▸ Problem: Retype the material that follows exactly, limited to the lines from the one with "Sideboard Black 60x30x70" through the one with "Green Perhiasan Wanita", and keep out all pictures.

▸ Provided data:
◆ ◆ ◆ ◆

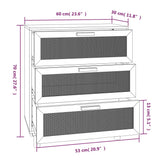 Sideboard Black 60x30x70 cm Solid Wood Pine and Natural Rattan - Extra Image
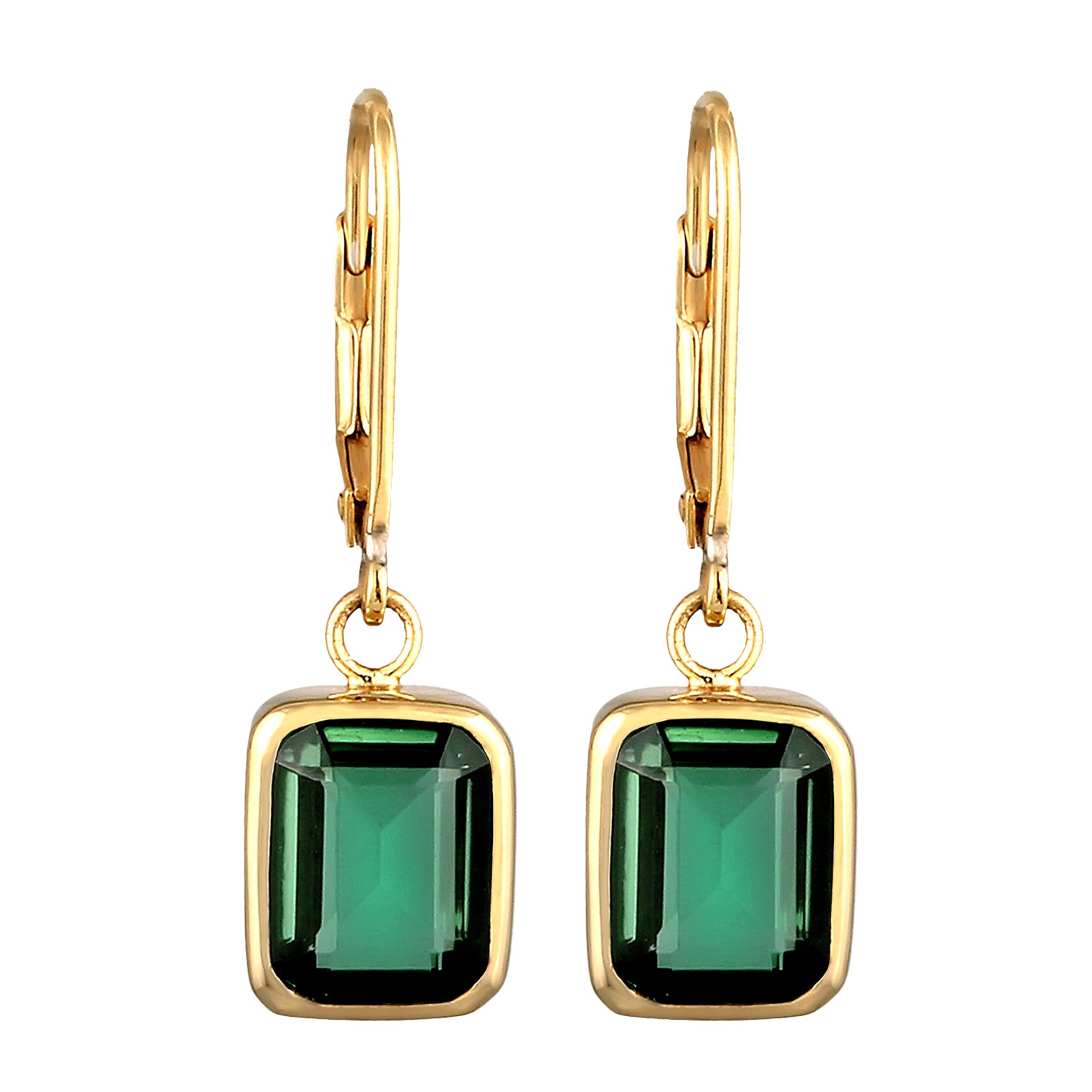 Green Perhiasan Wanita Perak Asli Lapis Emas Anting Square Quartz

◆ ◆ ◆ ◆

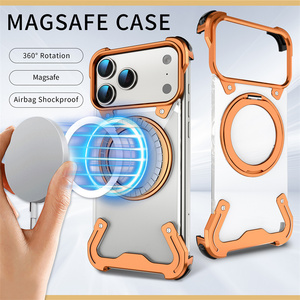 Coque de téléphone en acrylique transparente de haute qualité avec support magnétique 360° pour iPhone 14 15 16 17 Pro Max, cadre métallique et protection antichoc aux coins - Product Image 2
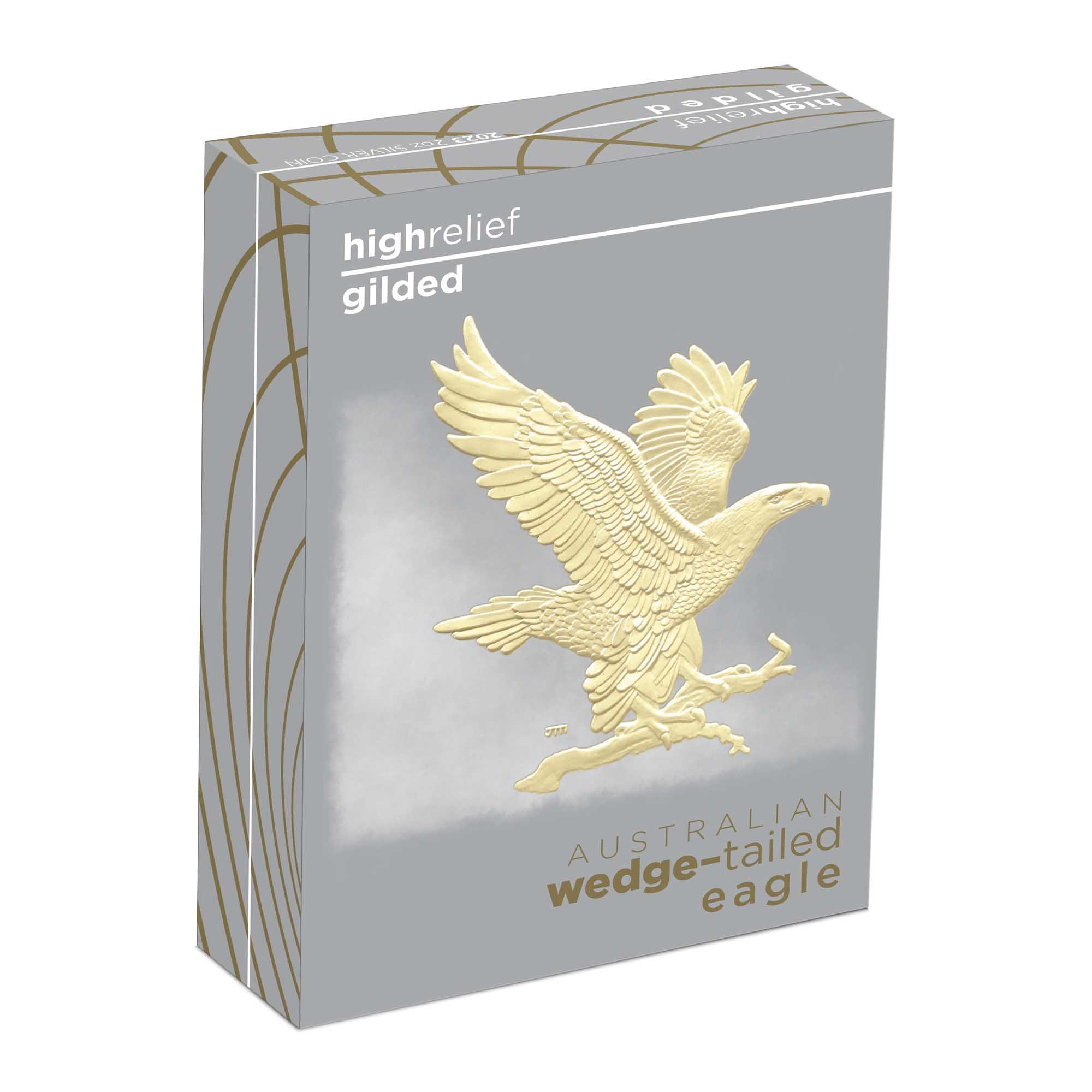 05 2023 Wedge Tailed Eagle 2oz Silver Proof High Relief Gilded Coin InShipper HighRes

◆ ◆ ◆ ◆

▸ Exercise answer:
 Sideboard Black 60x30x70 cm Solid Wood Pine and Natural Rattan - Extra Image
 Green Perhiasan Wanita Perak Asli Lapis Emas Anting Square Quartz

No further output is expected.